You can earn up to 80 points for the correctness of your name analysis. Therefore, we run several test cases against your implementation. You earn points, when your implementation passes test cases. The total number of points depends on how many test cases you pass in each of the following groups:

  • name binding (20 points)
    • class declarations and references (6 points)
    • method declarations (2 point)
    • variable and field declarations (6 points)
    • variable and field references (6 points)
  • scopes (15 points)
  • constraints (35 points)
    • duplicate definitions (10 points)
    • unresolved references (10 points)
    • hiding variables (5 points)
    • main class references (10 points)
  • challenge (10 points)

You can earn up to 20 points for your messages in errors and warnings. We particular focus on readability, precision, and the level of detail in your messages.

Early Feedback

We provide early feedback for your language implementation. This feedback gives you an indication which parts of your implementation might still be wrong. It includes a summary on how many tests you pass and how many points you earn by passing them. You have 3 early feedback attempts.

Detailed Instructions

Preliminaries

Git Repository

You continue with your work from the previous assignment. There is no need to create a new branch in your repository for this assignment, keep working in the assignment5 branch. When you make a pull request, be sure to make a pull request to the assignment6 branch of the upstream repository though.

Initial Editor Project

The initial editor project from the last assignment contains the desugarings implementation reference/desugar.rtree, in addition to implementations of the previous initial project. The desugarings can be used by importing reference/desugar.

Name Binding

In Spoofax, name bindings are specified in NaBL. NaBL stands for Name Binding Language and the acronym is pronounced ‘enable’. Name binding is specified in terms of namespaces, binding instances (name declarations), bound instances (name references), scopes and imports.

To start a new name binding specification, you need to create a .nab file in directory trans or one of its subdirectories.

module module-name

imports

  reference/src-gen/signatures/-
  reference/-

The module name has to be the same as the file name and should include the path relative to the trans directory. For example, a file foo.nab in directory trans/bar should define a module bar/foo. When you save an NaBL file, a corresponding Stratego file will be generated from it. This file contains implementation strategies for your name analysis. You need to import this file into trans/minijava.str. When you build your project, your name binding rules become effective in your MiniJava editor.

Variable Names

We use variable names as an example to get you started with NaBL. First, you start a namespaces section and define a namespace Variable:

namespaces

  Variable

In NaBL, a namespace is a collection of names and is not necessarily connected to a specific language concept. Different concepts can contribute names to a single namespace. For example, in MiniJava variables and parameters contribute to the same namespace.
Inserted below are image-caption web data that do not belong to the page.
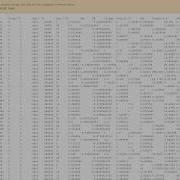 IPython RStudio On Galaxy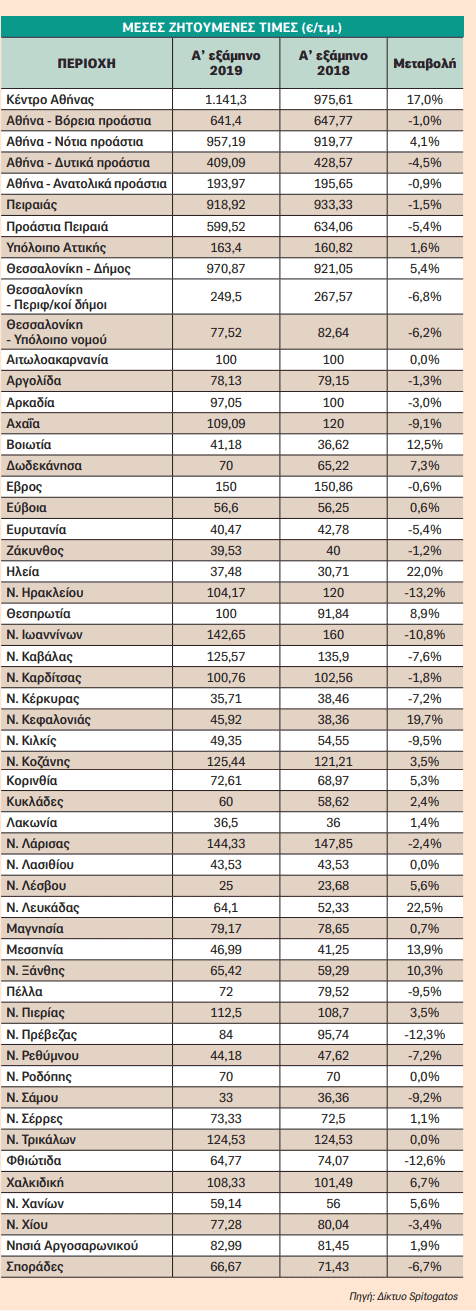 Πίνακας - Οικόπεδα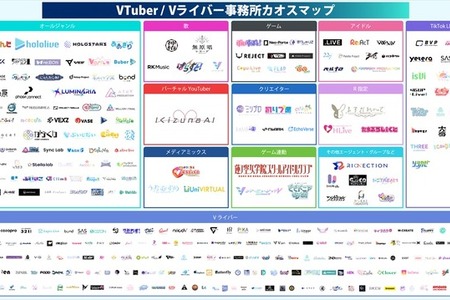 【2026年最新版】VTuber・Vライバー事務所カオスマップ公開！TikTok LIVEへの参入加速など最新動向をuyetが分析 画像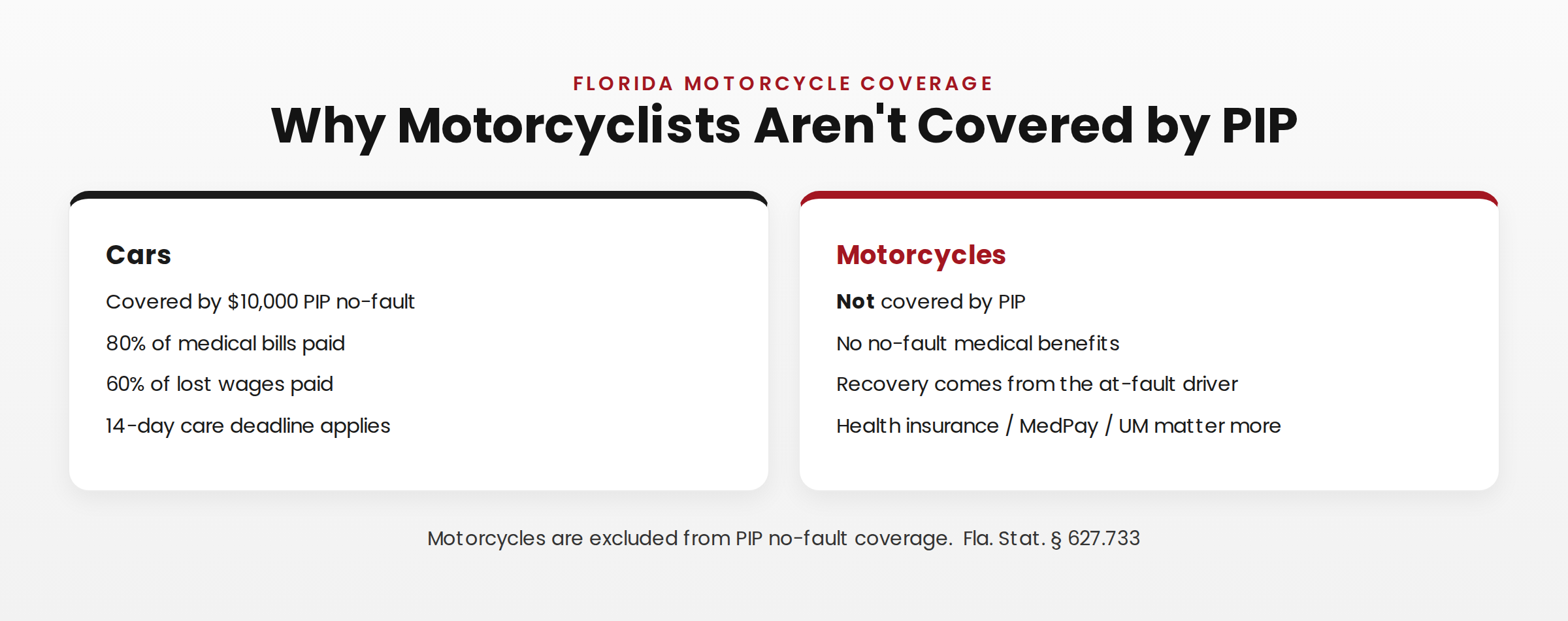 Motorcycles are not covered by Florida PIP no-fault the way cars are, under Fla. Stat. 627.733.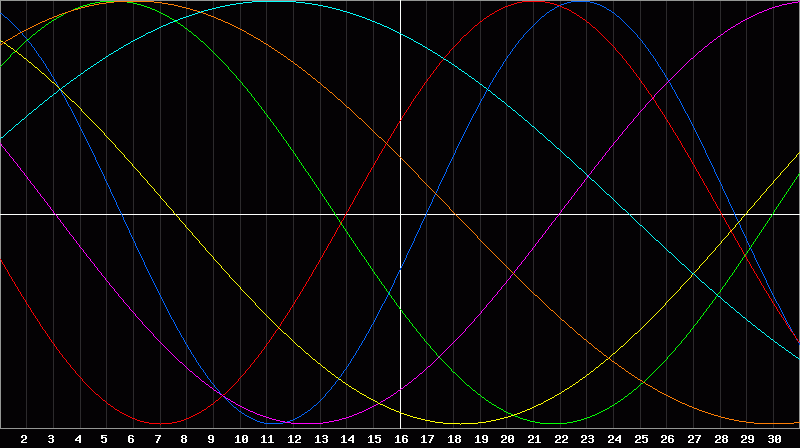 Biorhythm Chart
Once you have defined a namespace, you can define name bindings rules in a binding rules section:

binding rules

  Var(_, v): defines Variable v

  VarRef(v): refers to Variable v

Each binding rule is of the form pattern : clause*, where pattern is a term pattern (like in Stratego rewrite rules) and clause* is a list of name binding specifications about the language construct that is matched by pattern. For example, the first rule specifies binding instances of class names. Its pattern matches regular MiniJava variable declarations (but not parameter declarations). Its defines clause states that these variable declarations are definition sites for variable names (i.e. they bind variable names). Similarly, the second rule specifies bound instances of variable names. Its pattern matches variable references and its refers clause states that such references are use sites for variable names (i.e. they refer to bound variable names). When a name can refer to different namespaces, you can combine refer clauses with otherwise, e.g.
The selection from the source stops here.